THE LIVERPOOL MAIL, 1836.       From a Print after J. Pollard.

Returning to Stonebridge, the road to Coleshill, and to Castle Bromwich and Lichfield will be seen branching off from the Holyhead Road. Here, until the middle of the eighteenth century, the traffic for Shrewsbury and Chester commonly turned off. After that date, not only were the roads through Birmingham and Wolverhampton improved, but the places themselves grew into greater importance, and the old Chester Road, by consequence, decayed. By 1802 all the Chester coaches had deserted it, but the Liverpool Mail came this way until the last. Up to 1761 this was not the way to Coleshill at all. Until that year the road branched off at a point half a mile from Meriden, and lay through Packington Park. It was a straight and flat road, and convenient for Coleshill, but offensive to Sir Clement Fisher, who then was the squire at Packington Hall. It passed within sight of his windows, and he relaxed no effort until an Act of Parliament was passed, stopping it up, and making the present hilly and circuitous road in its stead. The preamble of the Act, stating that the old road was inconvenient and dangerous, is one of the most audacious falsehoods ever publicly stated. The old road can still be traced in the Park, and standing beside it is an old tombstone, recording the fate of a London tailor struck by lightning when travelling this way.

XLVII

But enough of Packington. Let us on to Birmingham, now but nine miles distant, by Elmdon, Wells Green, and Yardley.

Elmdon, were it not for that pretty roadside timber-framed inn, the ‘Cock,’ would be but a name and nothing else, so far as the road could show. Passing it, bid a long farewell, O traveller along the Holyhead Road, to the country, for in less than another two miles Wells Green is reached and Birmingham within hail. Thereafter, in nothing less than eighteen miles shall you see the hedgerows, the fields, and the quiet road again. Birmingham and the Black Country intervene, and not until, having gained and overpassed Wolverhampton, you ascend the heights of Tettenhall, will the sun be seen shining in a clear sky once more. Meanwhile, here is Wells Green, the last approach to the likeness of the country on this side of Birmingham, and by consequence a place of great half-holiday and Sunday resort. Midland cyclists are its chief patrons. For them the “Old Original” tea-house caters, for their custom also the “Ship,” the “Lighthouse,” and many more compete frantically among each other, attracting attention by large and elaborate models of ships, lighthouses, and other objects displayed beside the road. The two old roadside inns—the “Wheatsheaf” and the “Crown”—have been ornately rebuilt; the “Crown” vulgarly.

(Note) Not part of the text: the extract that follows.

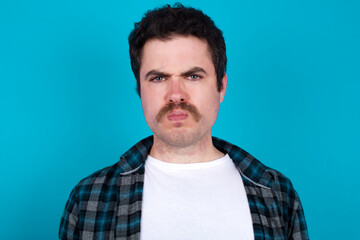 Fototapeta premium young Caucasian man with moustache wearing plaid shirt against blue wall frowning his eyebrows being displeased with something.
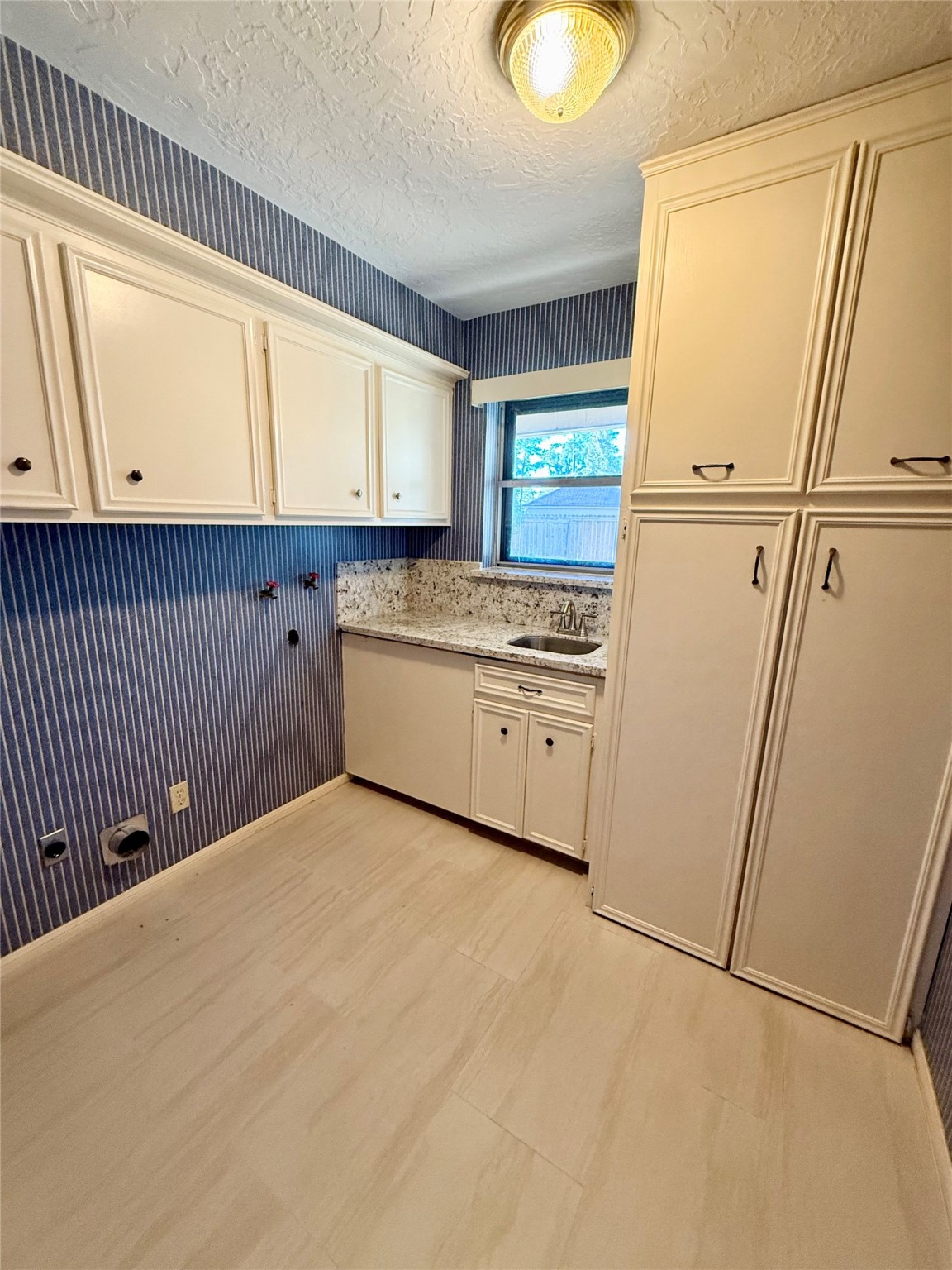 16711 Sir William Drive Spring, TX 77379 - Photo 19 of 21 a kitchen with white cabinets and white appliances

Beyond Wells Green the road enters an outlying portion of Worcestershire and comes to Yardley, a new-built Birmingham suburb, whose shops, dotted here and there by the wayside, alternate with barns, cow-houses and hedges, presently to give place to suburban streets and so provide those shops with customers. In the hollow succeeding Yardley, at Hay Mills, where a little stream runs, not yet completely polluted and decently buried from sight in a drain pipe, the mile’s length of Worcestershire ends. Hay Mills now belies its idyllic name, for it is here that modern Birmingham definitely begins, and the smoke-cloud and traffic of that great city grow in density.

Small Heath, Bordesley, Deritend, and Digbeth, that are all comprised in the next two and a half miles, are now but the various names distinguishing what would otherwise be one long street, growing gradually more grimy and crowded : a hilly street, where hideous steam tramways, belching smoke and smuts, run noisily, like armoured trains, and where the few old gabled cottages that are left, to tell of times when this was a country road, are closely beset by modern houses, already hung with soot, like the cobwebs on bottles of old port. A dramatic change indeed from what Leland saw, when he journeyed to Birmingham in 1538, and came “through as pretty a street as ever I entred, into Bermingham towne. This street, as I remember, is called Dirtey.” He meant Deritend, which, if called “Dirtey” to-day would by no means be libelled. “Dirty End” would be an easy change from the real name of the squalid street, and equally descriptive of it.

Wigstead in 1797 tells a tale very different from that of Leland. Instead of a “pretty street,” he found an entrance “by no means prepossessing the traveller in its favour—a confused mass of brick and tile rubbish piled together.” Birmingham he thought to be an objectionable place. “Enveloped in an almost impenetrable smoky atmosphere,” he says, “it is by no means an agreeable object to a picturesque eye.”